You're running through a warzone of your own creation, battering fleeing civilians with a three-foot dildo in between sporadic bouts of old-school breakdancing.
A surprise punch to the testicles sent the Furries into war with the Luchadores; the police are out-gunned by your satellite-based ordnance, and the army are moving to disperse the riot on hoverbikes. You're wearing nothing but cowboy boots and a smile, but at least you have a huge package. This is your brain on Saints Row: The Third.
"There was a gang in Saints Row 2 called The Ronin," says The Third's Producer, Greg Donovan. "We thought players were going to care that these guys were walking around with swords stuck to their backs - that's not realistic! But no - it didn't matter; it was fun. Being over the top resonated with players so in The Third it's like 'this is the game's identity. It's great. Let's take that and apply that vision to everything!'"
Saints Row 2 was defined not by the missions or by the world, but by the mirth - the kind of sociopathic joy which comes from murdering your way though a shopping mall as an obese fortysomething woman on a quad bike, singing along to A-ha, wearing only a thong. The Third is that, only more - a new world, bigger guns, stranger characters, and a whole new engine. If you've ever asked what happened to GTA's old sense of humour, it's right here. The Third is GTA IV in a world where GTA IV picked up exactly where San Andreas left off.

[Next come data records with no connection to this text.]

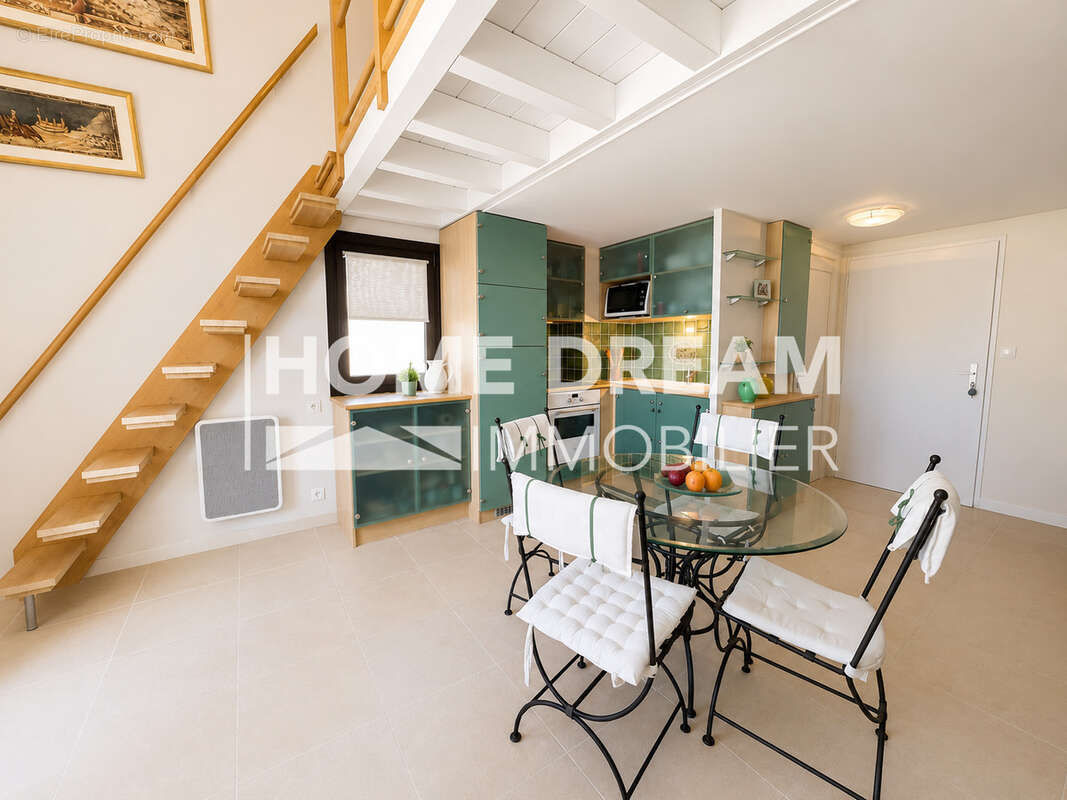 Appartement à SIX-FOURS-LES-PLAGES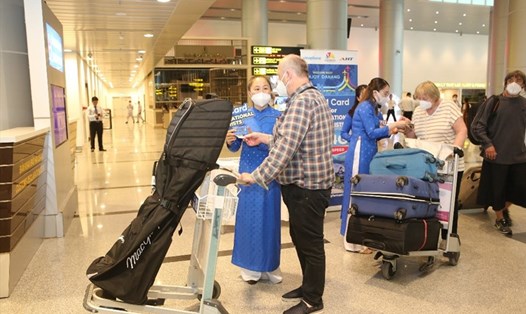 Du khách quốc tế khi đến sân bay Đà Nẵng. Ảnh: VNPT Đà Nẵng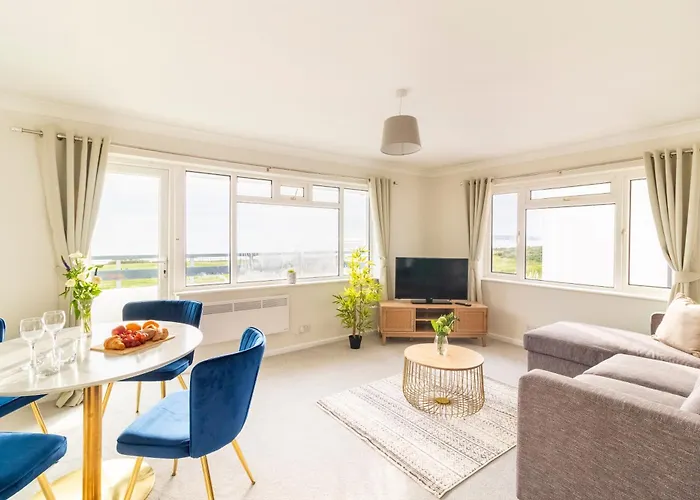 Wow! Seaview Beach Sleeps 6-Free Parking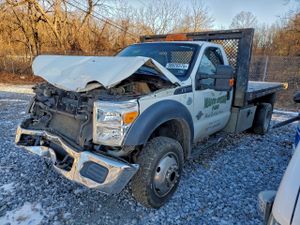Ford F550 SUPER DUTY 6.7L 8 2012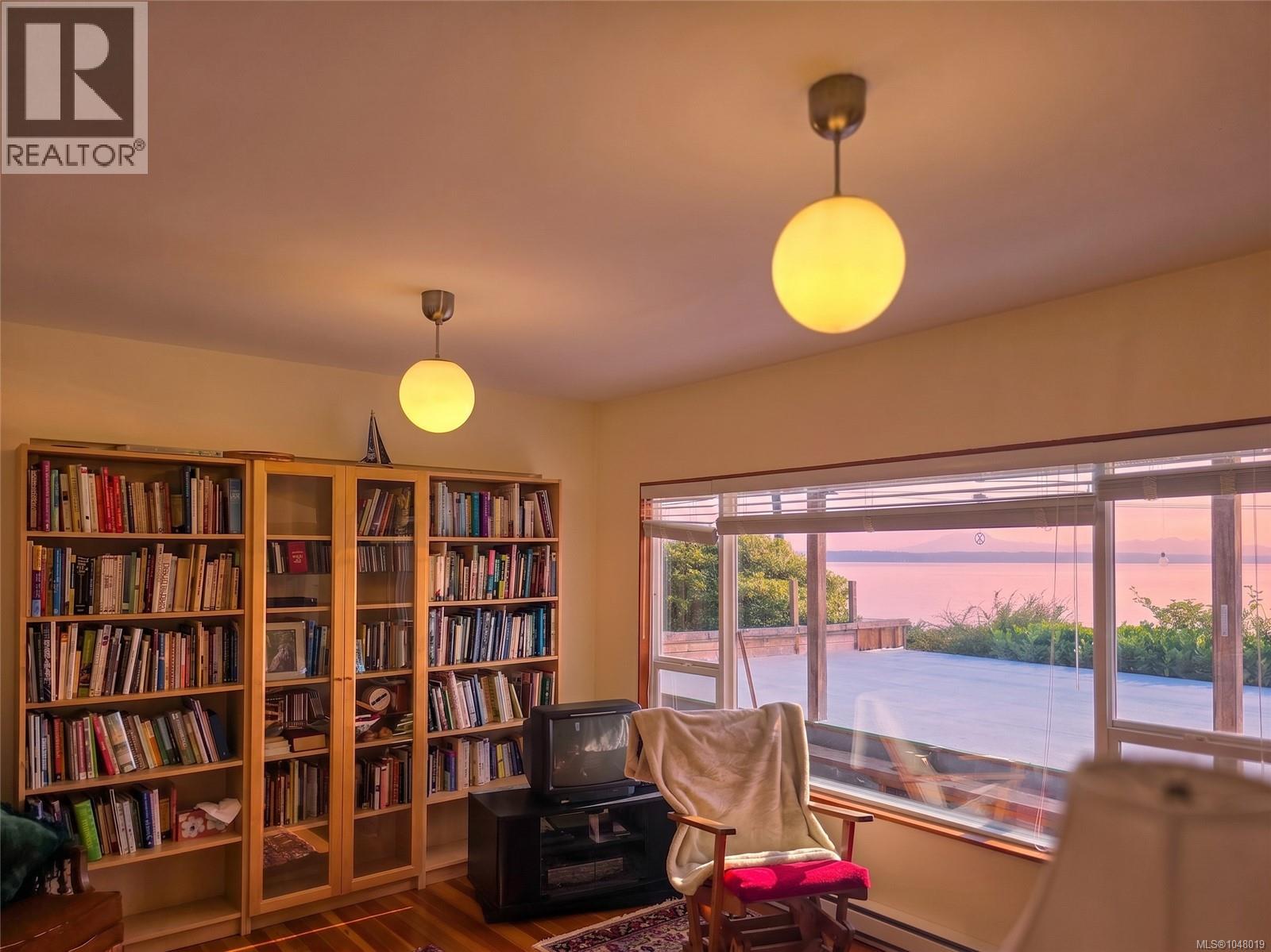 585 1st St - Image 7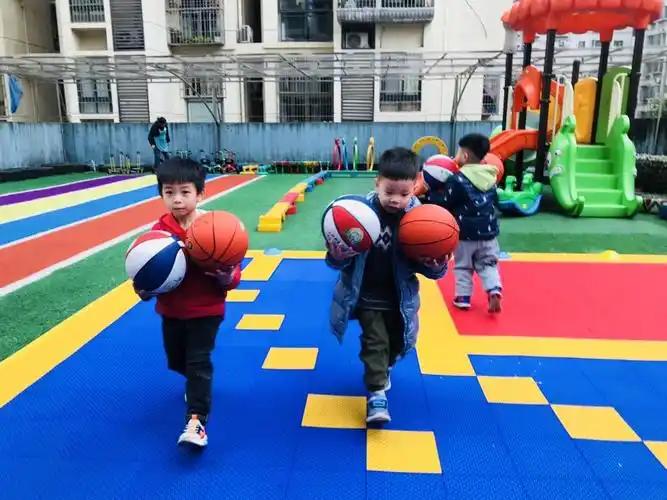 明意幼儿园篮球课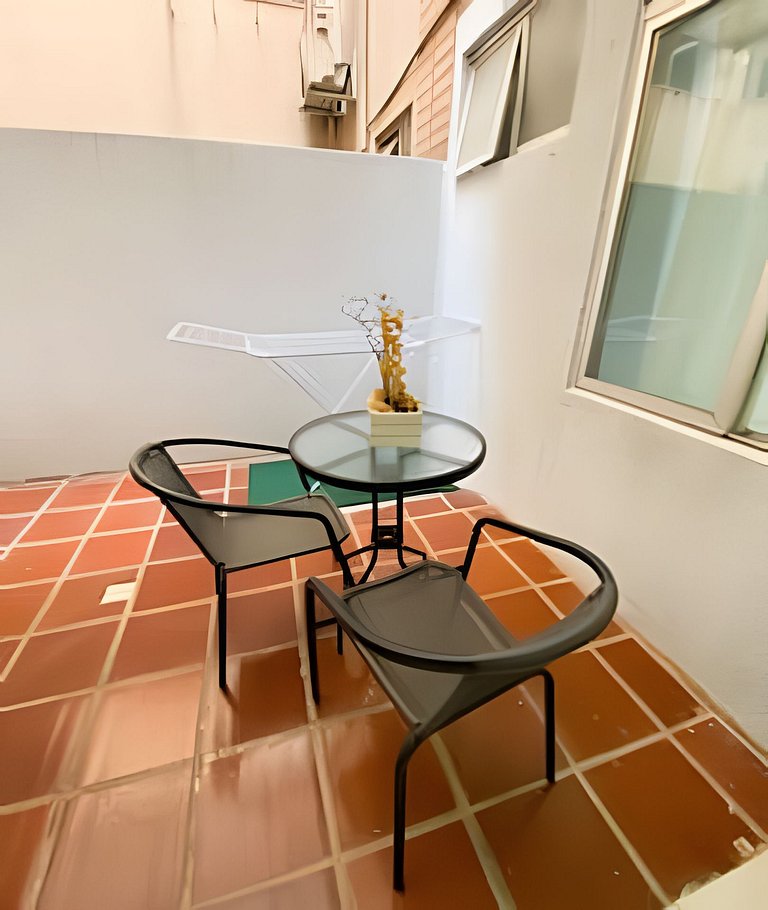 Apartamento Centro - 2 Quartos para até 6 Pessoas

Take a run down the all-new city of Steelport's streets and opportunities spring up. Run
at an old dear and you can land one of a dozen different wrestling moves. Click the right stick near a passer-by and you'll find every weapon in the game has a unique nutshot. Grab someone with a tap of A and you can toss them into traffic. Or off a bridge. Or into a rival gang.
Parked at the side of the road is Professor Genki's cat-faced man cannon which sucks people up and fires them out. Beside it is the Gat Mobile - your sidekick Johnny Gat's personal ride - in the shape of Johnny's head with a flame-throwing cigarette. Walk on and you'll find the stage for 'Professor Genki's Super Ethical Reality Climax Gameshow' - a brutal shootout in an electrified arena with a flawless Jesse Venturasoundalike commentary. Further along you'll find a destruction mission, a gang war, and an opportunity to commit insurance fraud by stumbling into traffic like a witless toddler.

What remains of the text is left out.